We further examined the top two ‘Other’ SIC codes. First, we looked at their sector distribution with regard to the Glass sectors, and second, we inspected the proportion of ‘Other’ within each sector. The top two SIC codes were the most ambiguous about company activities, even though they were part of clearly defined SIC sections⁵.
We also discovered that businesses performing ‘Staffing-related’ activities had the highest proportion (5.2%) in all the ‘Other’ SIC codes (Table 3). This could mean that this sector has one of the poorest SIC descriptions or it could mean that Staffing-related companies tend to perform cross-sector activities. We noticed a similar situation, but at a lower proportion with ‘Hospitals’. By contrast, companies specialising in ‘Jewellery and Wholesale’ accounted for the lowest share of ‘Other’. The top two ‘Other’ SIC codes had a slightly different sector distribution, with most companies in Financial Services and Professional Training sectors.
Another insight was that more than a half of ‘Staffing’ and ‘Health & Wellness’ businesses would classify themselves as ‘Other’ (Table 4). Why is this figure so high? This is an area of further research that could be addressed using additional data.
Analysis of ‘None Supplied’ SIC codes
In CH, missing information on company activity is evidenced through the ‘None Supplied’ SIC codes. Choosing a SIC code at the moment a company is set up⁶ has been mandatory since 2016. Previously, the data was provided on the first annual return (now called the confirmation statement).

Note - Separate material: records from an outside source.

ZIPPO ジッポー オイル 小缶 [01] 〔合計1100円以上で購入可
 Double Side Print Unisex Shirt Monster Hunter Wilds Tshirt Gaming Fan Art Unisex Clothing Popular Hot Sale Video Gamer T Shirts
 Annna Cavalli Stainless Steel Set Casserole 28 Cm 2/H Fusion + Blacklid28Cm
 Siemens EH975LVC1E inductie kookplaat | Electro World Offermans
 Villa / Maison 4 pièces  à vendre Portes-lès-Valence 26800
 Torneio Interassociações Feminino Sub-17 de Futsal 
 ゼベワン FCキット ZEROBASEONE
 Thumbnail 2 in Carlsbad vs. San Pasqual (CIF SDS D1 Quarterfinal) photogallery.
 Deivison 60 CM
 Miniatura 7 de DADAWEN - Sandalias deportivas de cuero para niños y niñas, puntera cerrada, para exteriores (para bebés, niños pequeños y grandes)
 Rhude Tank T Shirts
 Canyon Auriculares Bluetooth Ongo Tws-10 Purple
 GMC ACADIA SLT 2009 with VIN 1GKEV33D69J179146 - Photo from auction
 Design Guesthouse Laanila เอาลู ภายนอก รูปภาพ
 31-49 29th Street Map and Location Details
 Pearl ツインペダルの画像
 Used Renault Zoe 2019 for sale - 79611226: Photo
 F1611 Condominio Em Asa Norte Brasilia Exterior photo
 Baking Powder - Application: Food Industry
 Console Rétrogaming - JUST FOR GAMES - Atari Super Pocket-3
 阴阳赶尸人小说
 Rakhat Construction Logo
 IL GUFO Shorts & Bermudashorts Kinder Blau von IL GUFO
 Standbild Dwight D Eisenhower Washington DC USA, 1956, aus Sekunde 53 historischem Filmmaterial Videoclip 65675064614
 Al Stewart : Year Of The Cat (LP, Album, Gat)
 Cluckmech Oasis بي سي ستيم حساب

Based on our analysis, 5.7% of registered CH businesses did not provide a SIC code. In terms of our matching with the web data, we got a total 3.2% businesses with a ‘None Supplied’ SIC code. This could suggest that these businesses are less likely to have a web presence.
The sector ‘Law Practice and Services’ in Glass was the dominant sector among companies with a ‘None Supplied’ SIC code (Table 5). One possible explanation is that maybe law firms tend to be partnerships (i.e. not registered in CH) and as a result there isn’t an appropriate SIC for law firms in the official taxonomy. We learned that this is not the case, as the ‘Legal and Accounting’ SIC code can capture the activities of law firms. We noticed that the top Glass sectors in the ‘None Supplied’ SIC category are professional services sectors. Certainly with the use of text rich company descriptions and topics data from business websites we can get a better understanding of what these businesses actually do.
This quick matching experiment of web data with official data shed some light to the kind of activities UK businesses in the ‘other’ SIC codes are engaged in. Professional services businesses related to staffing and training seem to be the most poorly classified in Companies House. Also, we have learned that law, accounting and investment-related businesses do not always choose a descriptive SIC code. This in itself could be an interesting line of enquiry for another piece of research.
More detailed research could also be done with the UK Glass data. For example, we could look at the specific topics that companies use to describe their activities, we can help analysts categorise businesses that are active in various sectors and, as shown with several reports, the open web also allows us to better understand the sizes of emerging sectors that do not sit well within official statistics.
 We limited the number of addresses to ten per company.
 96% accuracy.
 Active and Non-Dormant companies.
 SIC codes labelled ‘Other’ capture more or less Industry information. For example, Other service activities do not offer enough information on company activity, whereas Other manufacturing gives a clear indication of the Industry.
 Each SIC code is part of a broader industry section. 82990 belongs to section N (Administrative And Support Service Activities) and 96090 is part of section S (Other Service Activities).
Bean, C. (2016). Independent review of UK economic statistics. HM Treasury, Cabinet Office, The Rt Hon Matt Hancock MP and The Rt Hon George Osborne MP, 11.